Persistence Options for Apache Ignite
The backbone of Apache Ignite is its distributed in-memory storage. By putting data into memory and partitioning it across multiple computers, Ignite achieves high performance and unlimited scalability.
In-memory storage is lightning-fast but not durable. If one of the computers in a cluster crashes, you lose all the entries stored on this computer. While Ignite allows you to enable backup copies to reduce the probability of data loss, that doesn’t bring it to zero.
The only way to fully protect the data integrity is to persist it.
Ignite follows the multi-tier approach, allowing for several persistence options.
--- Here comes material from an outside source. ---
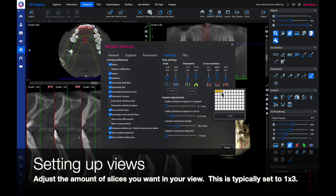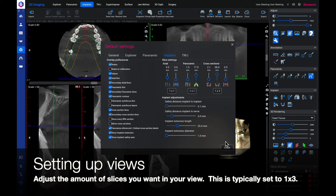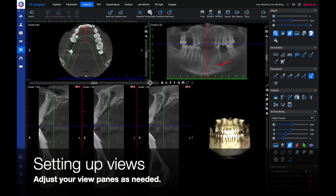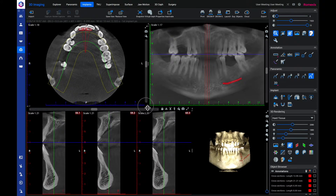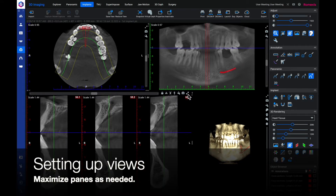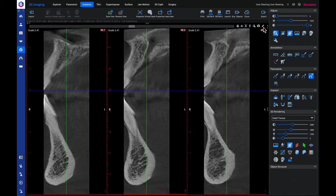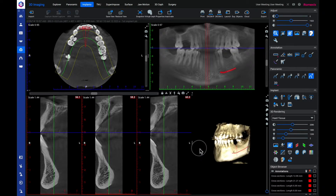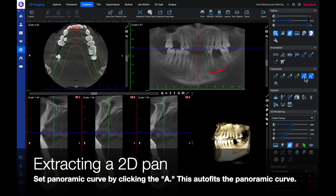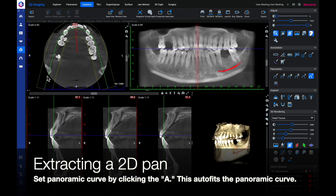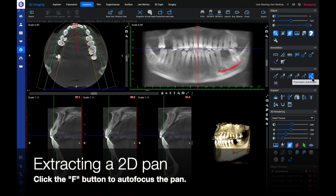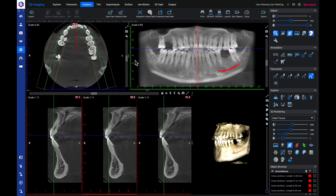Adjust the amount of slices you want in your view — this is typically set to 1 by 3. Adjust your view panes as needed and maximize the panes as needed. It is now time to extract a 2D pan. Set the panoramic curve by clicking the A button, which auto-fits the panoramic curve to the patient. Click the F button to auto-focus the pan to the patient's anatomy.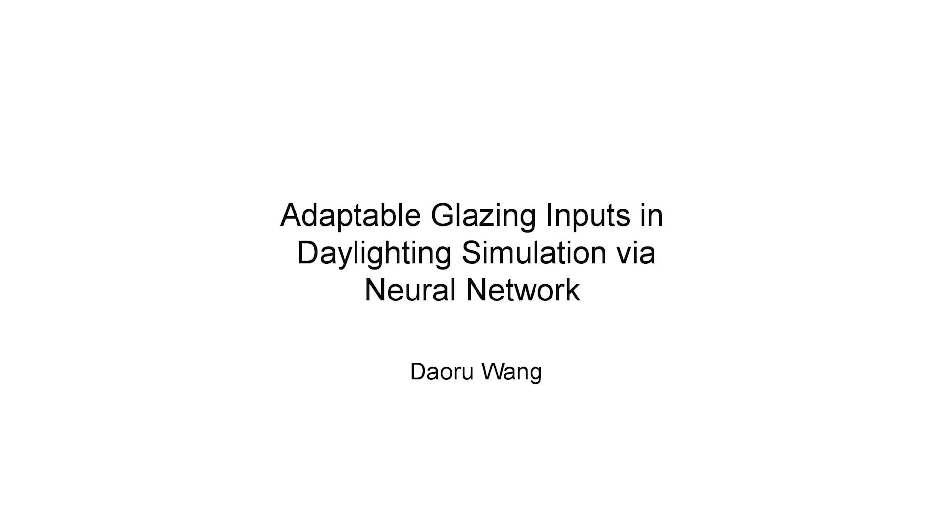Hi, my name is Dalru Wang. Today I'm going to present you with an innovative method that can be utilized to predict the daylighting simulation results of non-standard glazing systems via neural network.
In summary, you can have three different types of deployment:
- In-memory only. The persistence layer is optional in Ignite, so you can run without it.
- In-memory layer integrated with an external disk-based database via read/write-through mechanisms.
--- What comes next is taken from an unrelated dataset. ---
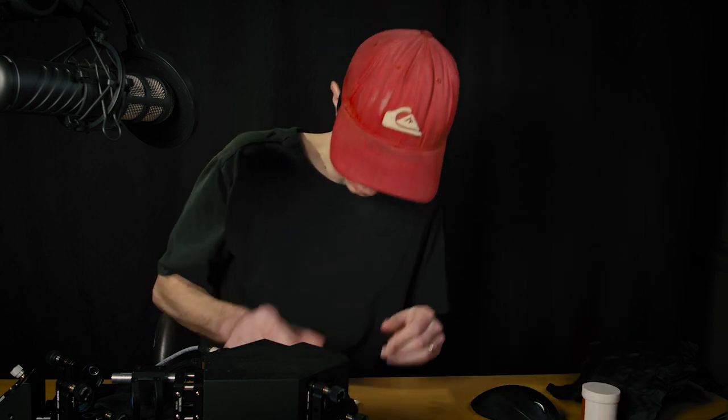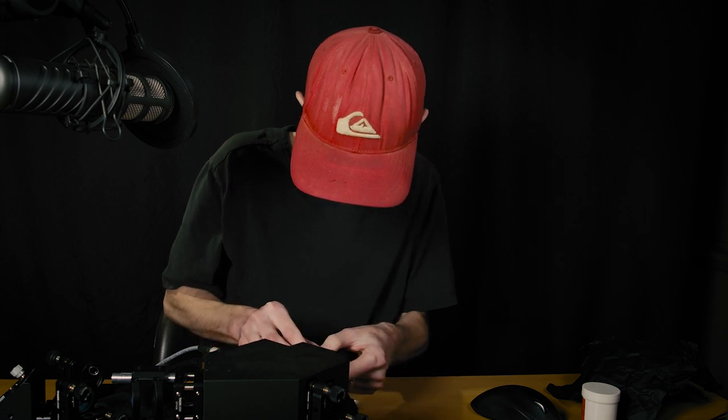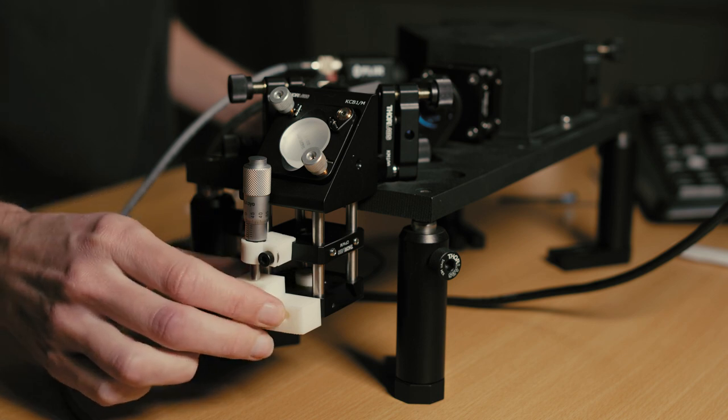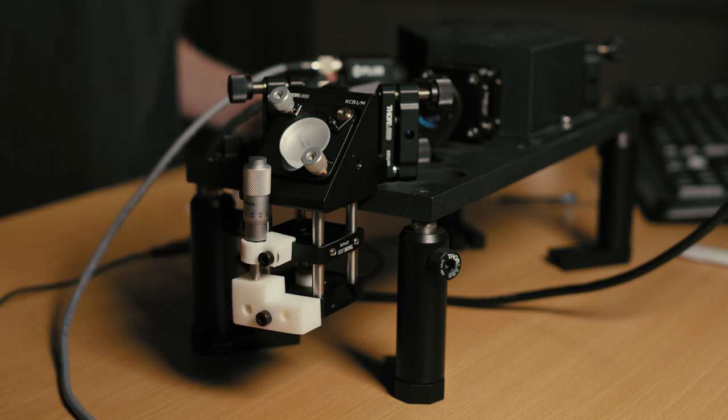You just want to tap a little bit so that it's even. I will place the sample and switch on the laser.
- In-memory layer with the Ignite’s Native Persistence.
The in-memory only option is straightforward. Mainly, you want to use it for cases that do not require the long-term durability of the data — for example, simple caching or Web Session Clustering.
The latter two options can be a little confusing, however. Why is there a choice in the first place? Which type of persistence should you use and when?
Let’s investigate.
Ignite integrates with external databases through a pluggable CacheStore interface, which looks like this:
By implementing this interface, you instruct Ignite how to interact with your database — do the initial preload, read-through, and write-through. Ignite then takes care of maintaining consistency between the cache and the database.
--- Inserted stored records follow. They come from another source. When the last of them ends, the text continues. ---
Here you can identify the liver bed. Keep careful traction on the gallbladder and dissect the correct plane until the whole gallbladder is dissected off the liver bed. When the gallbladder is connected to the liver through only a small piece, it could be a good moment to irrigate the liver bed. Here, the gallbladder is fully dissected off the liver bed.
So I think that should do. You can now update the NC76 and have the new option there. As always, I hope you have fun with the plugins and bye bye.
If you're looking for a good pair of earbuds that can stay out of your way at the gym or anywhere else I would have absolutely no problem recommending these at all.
This way, you can integrate with virtually any kind of data store, whether it’s a relational database, a NoSQL database, a document database, a mainframe, or anything else.
It is also worth mentioning that Ignite comes with out-of-the-box implementation for relational JDBC-compliant databases, as well as for Apache Cassandra. If you use one of these storages for persistence, you don’t have to write the integration code.
The approach is very flexible, but comes with several limitations:
- Read-through works only for key-value access. Some other APIs, like scan or SQL queries, require that you have all the data in memory before you invoke these APIs. Therefore, in many cases, you will have to manually preload the data before making it available to the applications. Preloading often takes a significant amount of time, increasing potential downtimes.
- The in-memory layer accelerates reads but not writes. Updates have to be propagated to the underlying database, which still limits scalability and performance.
The intention behind the Native Persistence Store is to mitigate the issues described above.
It is based on page memory architecture, where every page is guaranteed to be stored on disk and also can be cached in memory. During a read or a write, Ignite automatically detects if the required pages are currently in memory or not, and fetches them from the disk if needed. This behavior is entirely transparent for the application and does not depend on which APIs it uses.
As a result, you get instantaneous restarts.
If a cluster crashes or restarts for any other reason, there is no need to wait for preloading anymore. Data becomes available right away, drastically reducing downtime windows. While the application reads and updates the data, Ignite lazily fetches it into memory for improved performance.
Furthermore, thanks to how the Native Persistence is designed, it also allows you to have only a part of the data in memory. Imagine that you have a huge dataset that is measured in terabytes or even in petabytes. Typically, you will only need a relatively small subset that is frequently accessed, and therefore requires higher performance and scalability characteristics. Managing this type of data distribution with an external database is possible, but challenging. With the Native Persistence, it’s effortless — Ignite uses LRU policies to keep the most critical data in memory, while other data remains available for historical analytics and other purposes.
Finally, the Native Persistence is far superior in terms of performance and scalability of updates. Ignite distributes disk data in the same way as it does that for the in-memory data. Every update goes into memory first, and then to the local write-ahead log on disk. Since there are no synchronous network or random-access disk operations, you can achieve much lower latency and much higher throughput.
Generally speaking, the Native Persistence provides much tighter integration with the Ignite’s in-memory storage than any external database. With the Native Persistence, Ignite possesses the full knowledge of where the data is stored, which helps it to achieve better performance and scalability without comprising consistency, durability, and integrity of the data.
The only tradeoff — you have to get rid of existing storage in case you already have one. For some of the mission-critical applications, you might want to take a more gradual approach and stick with your battle-tested database for a while. This is where an integration via the CacheStore comes handy.
That said, the rule of thumb is quite simple:
- If you want to provide better performance and higher scalability to an existing application, and you are not ready to rip and replace your legacy database — keep it and deploy Ignite on top.
- If you are about to develop a brand new application that requires scalability from the get-go — the Native Persistence is the superior choice.